Exercise: Among the entries below, find the line with "Lucinda Jenney — მსახიობი" and the line with "Thumbnail 7 - Twilight". Return exactly those lines and every line between them, but no pictures.

Exercise data:
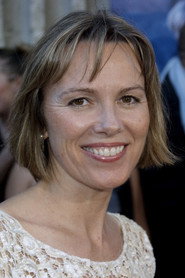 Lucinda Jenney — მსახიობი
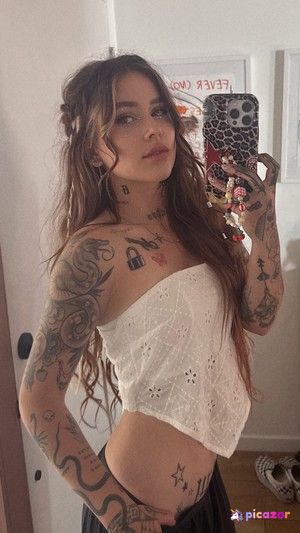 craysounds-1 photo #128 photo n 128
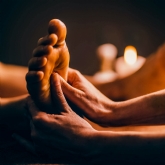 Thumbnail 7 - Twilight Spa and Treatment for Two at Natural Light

* * *

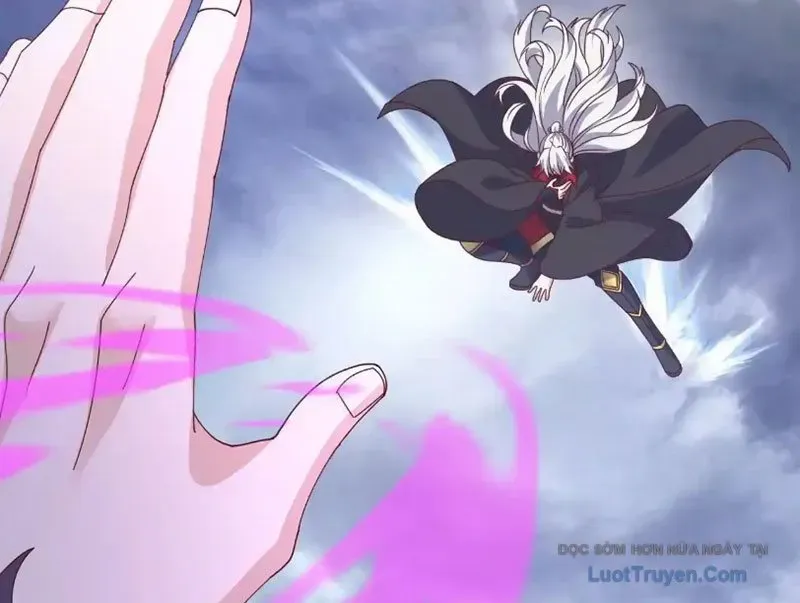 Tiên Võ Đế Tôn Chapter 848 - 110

---

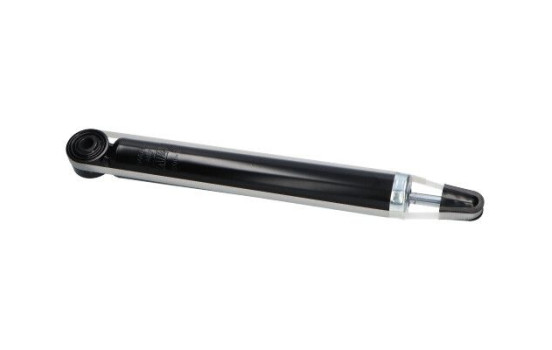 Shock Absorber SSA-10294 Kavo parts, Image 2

Exercise answer:
 Lucinda Jenney — მსახიობი
 craysounds-1 photo #128 photo n 128
 Thumbnail 7 - Twilight Spa and Treatment for Two at Natural Light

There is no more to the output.